Hopper can reproduce the execution of programs at output directories.

  • hopper-harness can parse and explain the inputs by Hopper's runtime. It will print the internal states during execution in detail.
./bin/hopper-harness ./queue/id_000000
  • hopper-translate can translate the input to C source code. The C files can be a witness for reporting issues.
./bin/hopper-translate --input ./queue/id_000000  --header path-to/xx.h --output test.c
# then compile it with specific library
gcc -I/path-to-head -L/path-to-lib -l:libcjson.so test.c -o test
  • hopper-generator is able to replay input generation except execution. You can use it to analyse how the input was generated or mutated.
./bin/hopper-generator ./queue/id_000000
  • hopper-sanitizer can minimize and verify the crashes generated by Hopper.
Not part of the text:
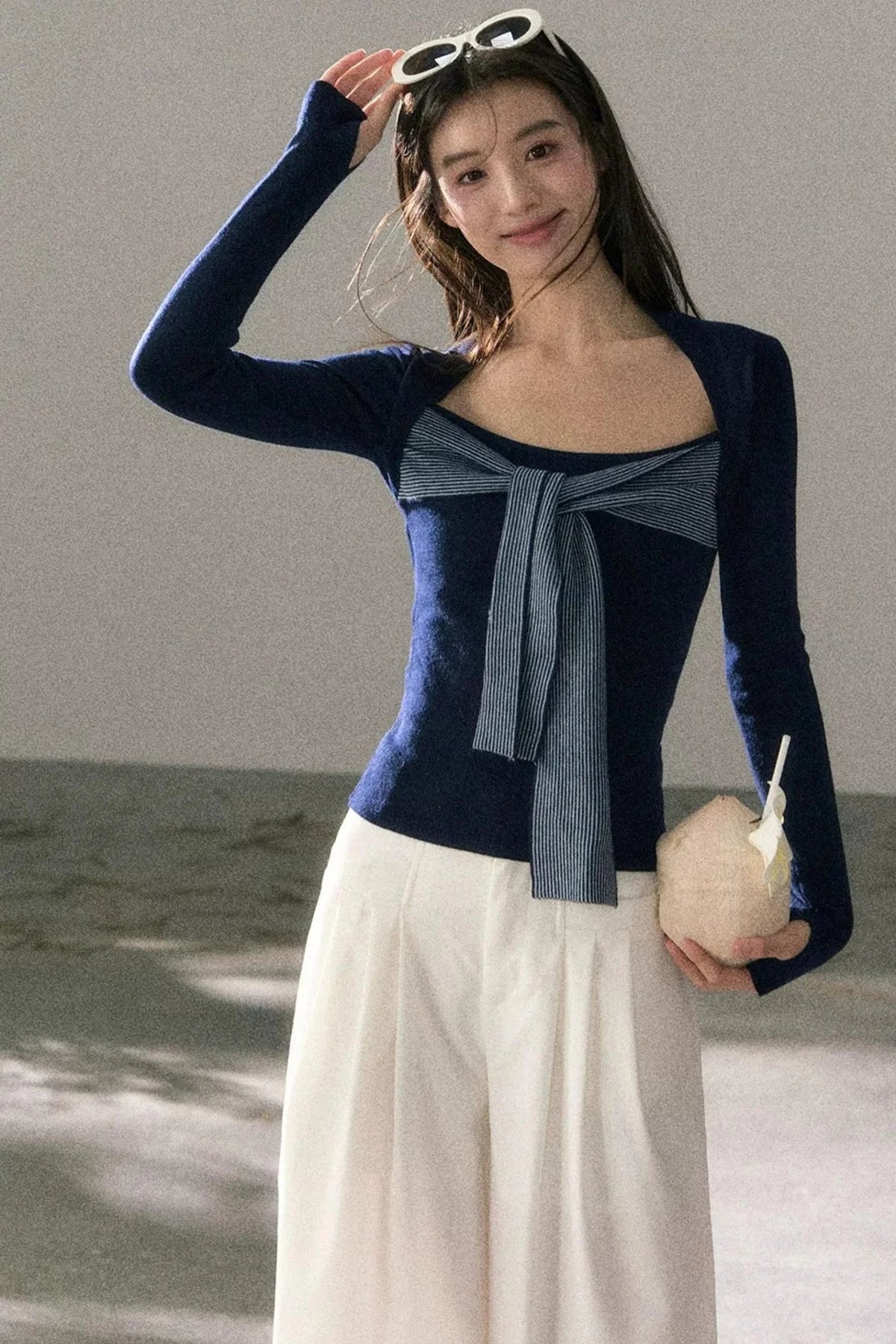 Color-Blocked Square Neck Knit Top Set-Up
It excludes crashes that violate constraints and de-duplicate crashes according to call stacks.
./bin/hopper-sanitizer

Test

Test rust code

  • Run all testcases
RUST_BACKTRACE=1 cargo test -- --nocapture

Testsuite (test libraries)

Real world examples

Evaluating results via source-based code coverage

export CFLAGS="${CFLAGS:-} -fprofile-instr-generate -fcoverage-mapping -gline-tables-only -g"
make
  • Compile the libraries with cov instrumentation mode. e.g.
hopper compile --instrument cov --header ./cJSON.h --library ./libcjson_cov.so --output output_cov
  • Run the interpreter with all generated seed inputs (SEED_DIR).
# run hopper and use llvm-cov to compute the coverage.
SEED_DIR=./output/queue hopper cov output_cov

Contributing guidelines

We have listed some tasks in Roadmap. If you are interested, please feel free to discuss with us and contribute your code.

Coding

  • Zero cargo check warning
  • Zero cargo clippy warning
  • Zero FAILED in cargo test
  • Try to write tests for your code

Profiling

perf record --call-graph=dwarf ./bin/hopper-fuzzer
# use flamegraph directly
perf script | stackcollapse-perf.pl | rust-unmangle | flamegraph.pl > flame.svg
# use inferno
perf script | inferno-collapse-perf | inferno-flamegraph > flamegraph.svg

perf will produce huge intermediate data for analysis, so do not run fuzzer more than 2 minutes.